La Moricière reprit le commandement de son (bataillon de zouaves, fort
diminué par la désertion, et s'appliqua aussi bien à élever le moral de
ses hommes qu'à entretenir de bonnes relations avec les indigènes des
tribus. Il pénétrait de mieux en mieux le caractère musulman et
comprenait ainsi les erreurs commises.
Lorsque Trézel éprouva l'échec de La Macta, La Moricière allait
précisément par mer d'Alger à Oran, chargé par le général d'Erlon de
négocier avec Abd el Kader : informé de l'événement, il débarqua à
Arzew, et, voyant le triste état des troupes qui venaient d'y arriver, il
poussa par mer jusqu'à Oran. De là, avec les capitaines Cavaignac et
Montauban, accompagné de 300 cavaliers Douairs et Smela, il revint par terre
à Arzew, et put, grâce à ce coup d'audace, décider les troupes non encore
embarquées à revenir par terre à Oran, sauvegardant ainsi leur honneur.

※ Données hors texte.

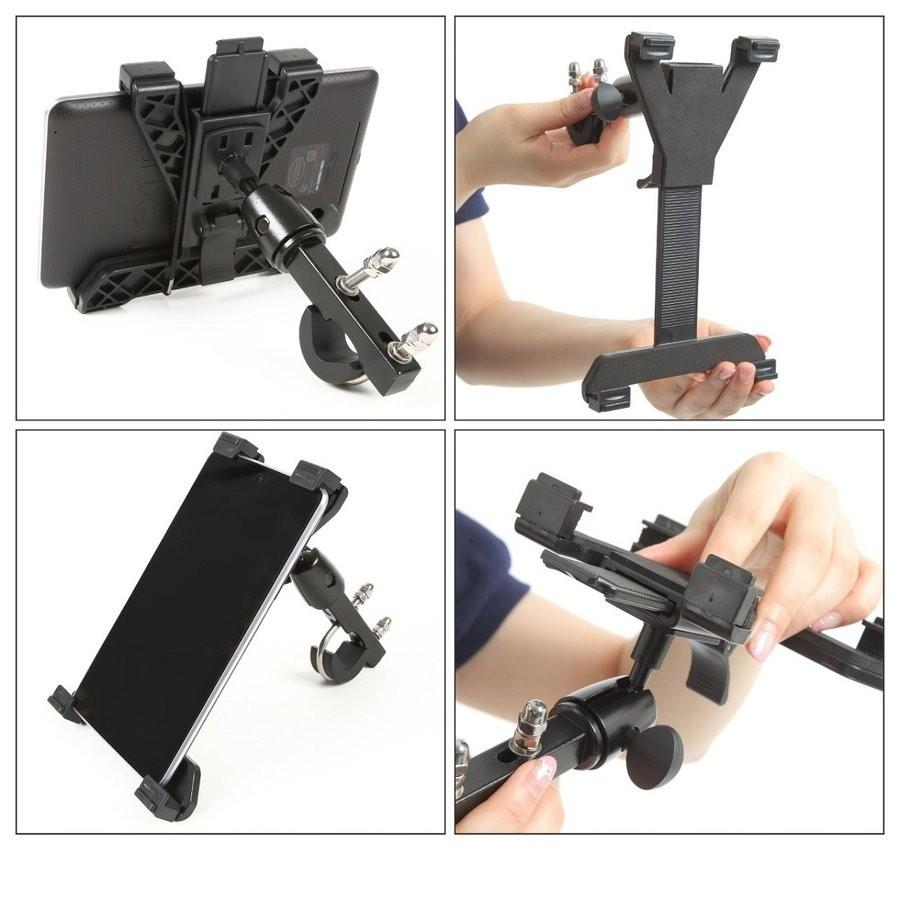 大きな割引 タブレットホルダー スマホ タブレット ホルダー フィットネスバイク バイク オートバイ 自転車 マウント Whitesforracialequity Org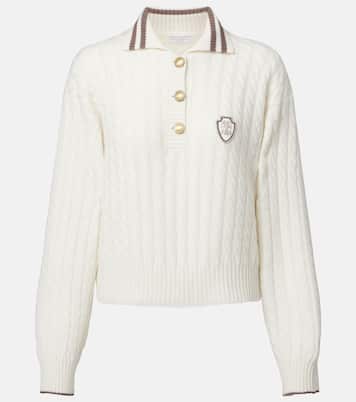 Polo en cachemire à logo | Brunello Cucinelli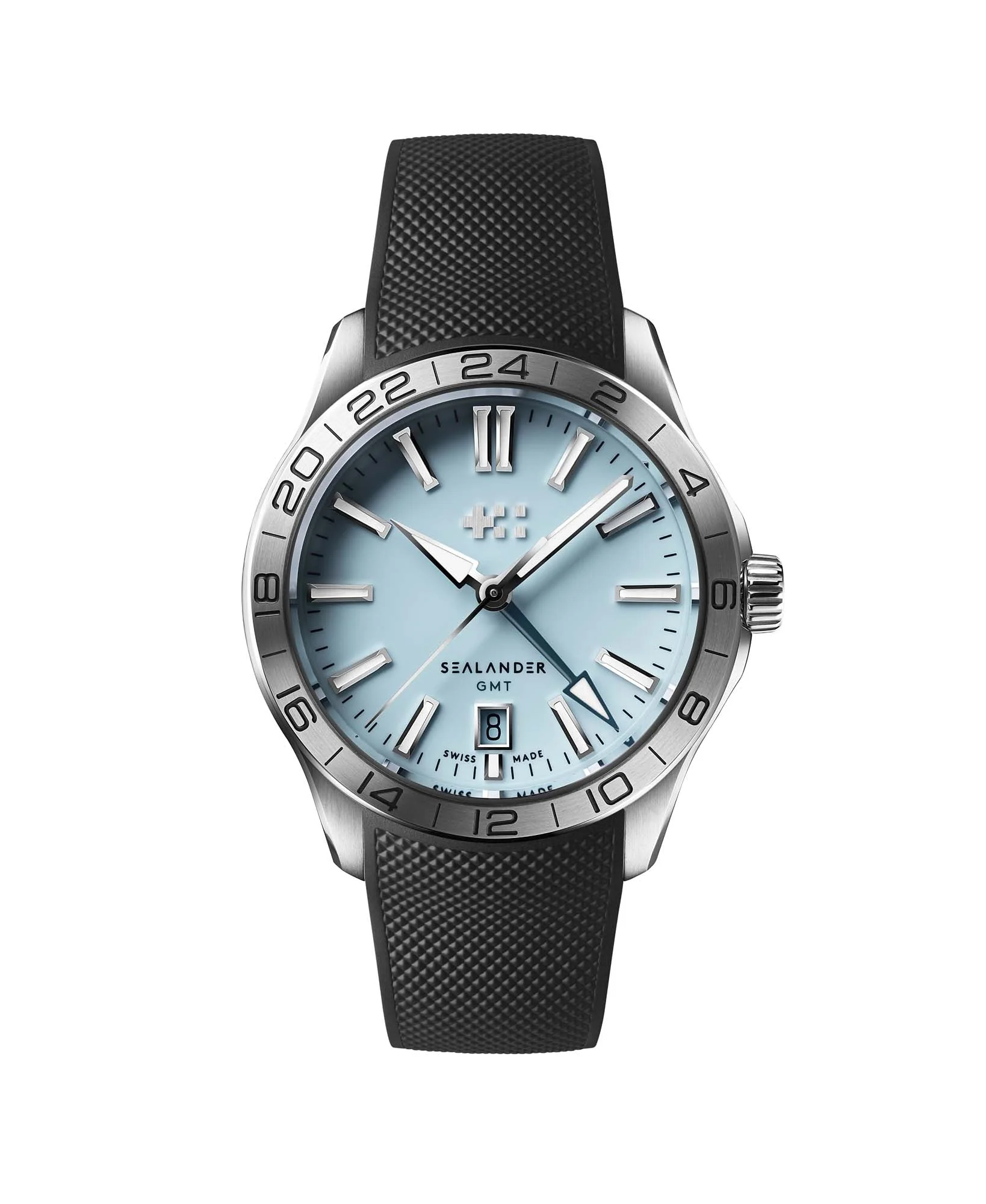 Christopher Ward C63 Sealander GMT 39mm – Sky Blue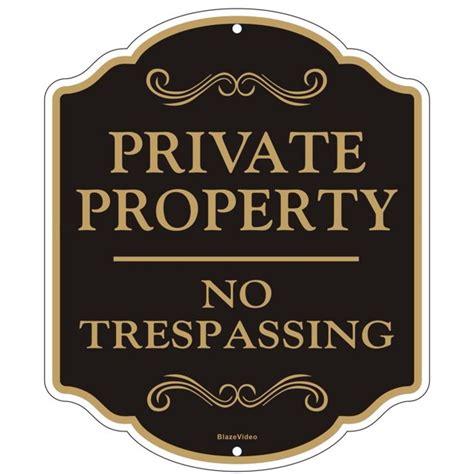 Blazevideo 2 Pack Private Property No Trespassing Signs Metal 12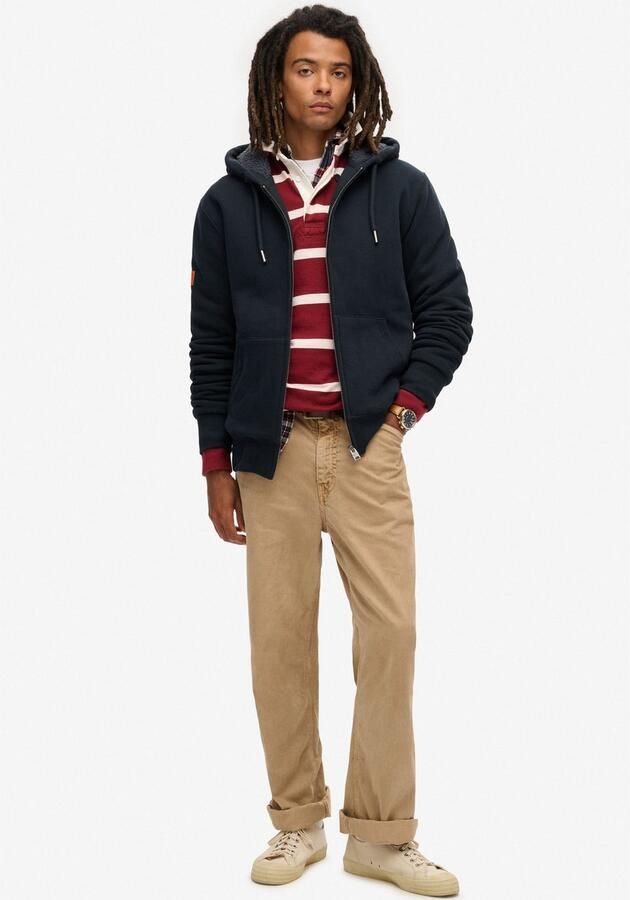 Superdry Sweater Hoodie met voering met borgvoering - Foto 5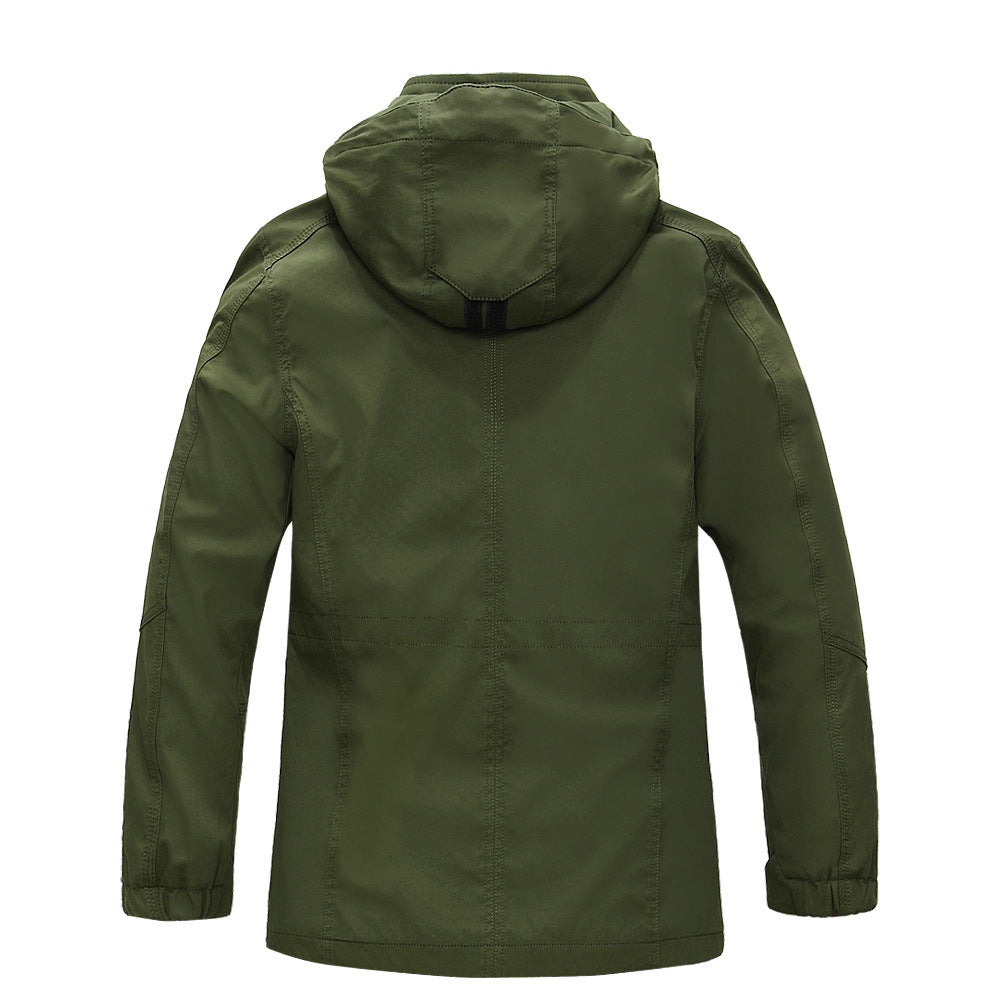 Herren Freizeitjacke Funktionell Wasserdicht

La bravoure spontanée de La Moricière se révéla encore en octobre 1835
lorsque, dans un engagement aux environs d'Alger, le jeune commandant sauva la
vie du sous-lieutenant Bro, qui, blessé, démonté, abandonné, se défendait
seul contre trois Indigènes.
L'expédition de Mascara, en novembre-décembre suivants, donna à La
Moricière et à ses zouaves, placés à l'avant-garde, l'occasion de se faire
apprécier de l'armée. Le duc d'Orléans, qui avait beaucoup entendu parler
d'eux, aimait à questionner La Moricière, déjà célèbre.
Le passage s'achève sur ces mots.